This particular building is the Dairy, a building where mothers could come and buy fresh milk, and was designed using stone that appears to grow out of the landscape and beautiful wooden elements, recently restored. And the other major built elements are bridges and tunnels through the park. One of the most brilliant aspects of the Central Park design is the series of different pathways. There are four transportation systems in the park. There's a series of carriage drives, which are now automobile drives. And these carriage drives undulate all throughout the park. And there are pedestrian paths that meander through the park. There is a series of bridle paths for horses, and a series of what are known as transverse roads that run through the park.

These systems often parallel one another, but they never crossed each other at grade. They always went over and under each other on bridges and tunnels, and the idea was that you would never have to cross a road. If you were a pedestrian you would never have to worry about the carriage; if you were a carriage driver you'd never have to worry about running into a pedestrian. So anytime today when you have to cross a road as a pedestrian, it means that something has been altered in the original Olmsted and Vaux plan.

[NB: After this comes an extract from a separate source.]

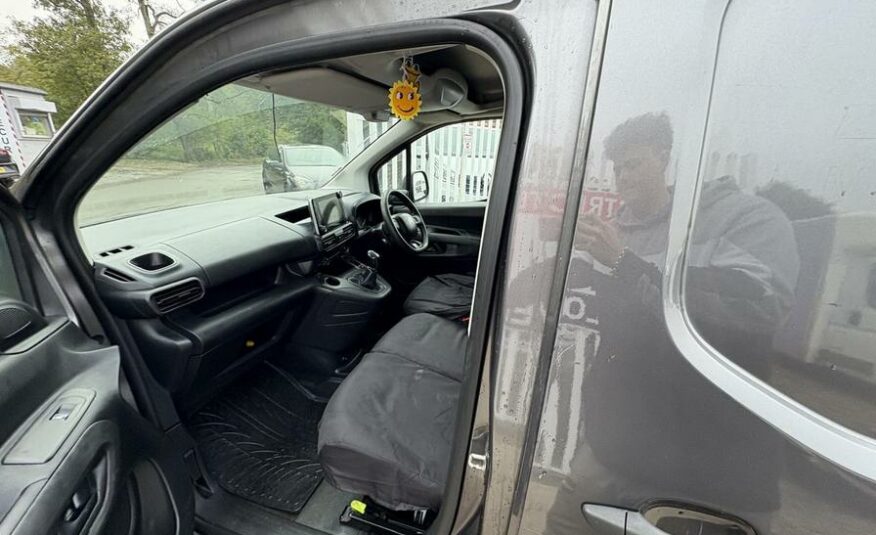 2019 Citroen Berlingo – Model: Berlingo 950 Enterprise Blue HDi – BF69GCV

The bridges and tunnels were also designed to blend in with the landscape, to be one with the landscape, so that they appear as a kind of natural growth through the landscape.

The most brilliant aspect of Olmsted and Vaux's design were the transverse roads. The one thing that the city required of all the designers who submitted to the competition was that four roads run across the park to connect the East Side and the West Side. Although these neighborhoods had not yet been developed, the city understood that they would be developed, and there needed to be a way of getting across the city. So at Sixty-sixth Street, Seventy-ninth Street, Eighty-sixth Street and Ninety-sixth Street the city required that roads go across the park.

All the other designs placed the transverse roads at grade level, which means that the park would be divided into five separate units, and that you would have to cross one of these east-west roads as you moved through the park. But what Olmsted and Vaux did that was so brilliant, that seems so obvious today but was such an innovative idea, was that they sunk the roads below the level of the park, put bridges across them and then landscaped them very, very heavily, so that you wouldn't actually see the transverse roads, and you wouldn't know that they were there, so the park would be one continuous environment, and you would be moved through the entire park and never know that there were these crossroads.